I asked him what he would do to which he replied: That my having[or losing] my school was out of the question
[p. 5]and that he would tell his mission so, and then about himself, very likely they would not wish him ill. I remained in the Reformed Mission. Now I hope, if you can possibly do it, that you will take Mr. Miller with us into the Reformed Church Mission and that will end all the trouble. He has resigned to the Board at home and to the members of the Mission here. You may laugh over my letter but I asked Mr. Miller if I might write you what I pleased provided I would be very wise, to which he said, "yes." So I have written what I have. Mr, Miller has [received?] nothing whatever from the Pres. Mis. since the 1st Oct.

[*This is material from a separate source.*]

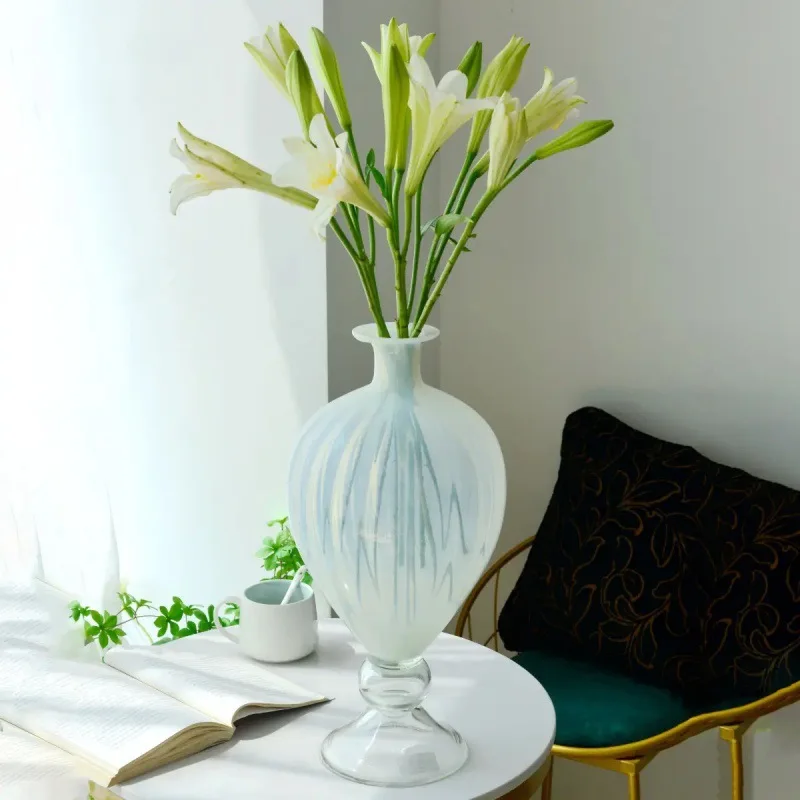 DSA retro milk glass big belly high feet antique art vase advanced flower ware soft decoration niche home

Your views in regard to women speaking or preaching in mixed gatherings exactly coincide with my own and I am sure that none of my pupils have done anything
[p. 6]that you would disapprove. When we were on a trip north in the summer we were staying with the relatives of some of my pupils. One of them, a girl of fifteen often helped me in talking to natives mostly men who came where we were staying to ask about our religion. This was nothing like preaching, we all sat down, they asked me questions and we answered them, sometimes talking hours in this way. Sometimes there were just one or two present and at other times twenty to thirty. That is all the preaching either myself or my pupils have done. After "Ko's" sister recovered from fever, Ko rose in a social meeting of both sexes held in Mrs. Puryn's school room, and thanked the members of the church for their prayers. That is the only time she has spoken in a mixed meeting.

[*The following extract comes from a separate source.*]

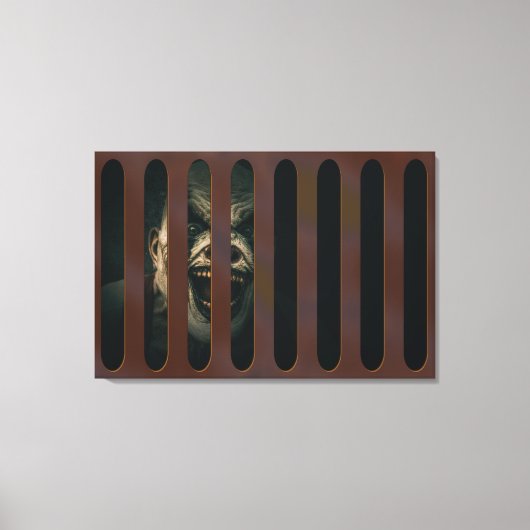 Grote halloween Scary Clown in Storm Grate Canvas Afdruk (Voorkant)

That was simply Japanese etiquette and the only way that she could reach
[p. 7]them all. My pupils understand my sentiments on this matter and are not likely to do what you disapprove. I do not know exactly about Mrs. Puryn's pupils and of course have no influence on them.
I have just read my letter to Mr. Miller and he thinks perhaps I have not made the tone of the letter from the Pres. Mission quite plain. There was an attempted explanation of the former letter, and the whole tone of the letter was very kind.
He does not say that he disapproves anything that I have written so I conclude that the "wisdom" is apparent to him, at least. I hope we may hear from you very soon again.
I presume that Dr. Brown and Mr. Ballagh will write you by this mail. Miss Whittick[?] told me that she had written to you.
We had all our pupils at our house, gave them a feast of cakes and sweets and some little presents on Christmas afternoon. We had a delightful time with them. I wish you might have seen how beautiful they looked in their bright crepes and silks. Miss [illegible] was here yesterday. She is looking a little stronger--this bright winter weather but has not been well the greater part of the time since she came here. The climate does not seem to agree with her.
Mr. Miller sends very kind regards.
Yours very respectfully
Mary E. Miller
Many thanks for the package of papers. I find them most useful.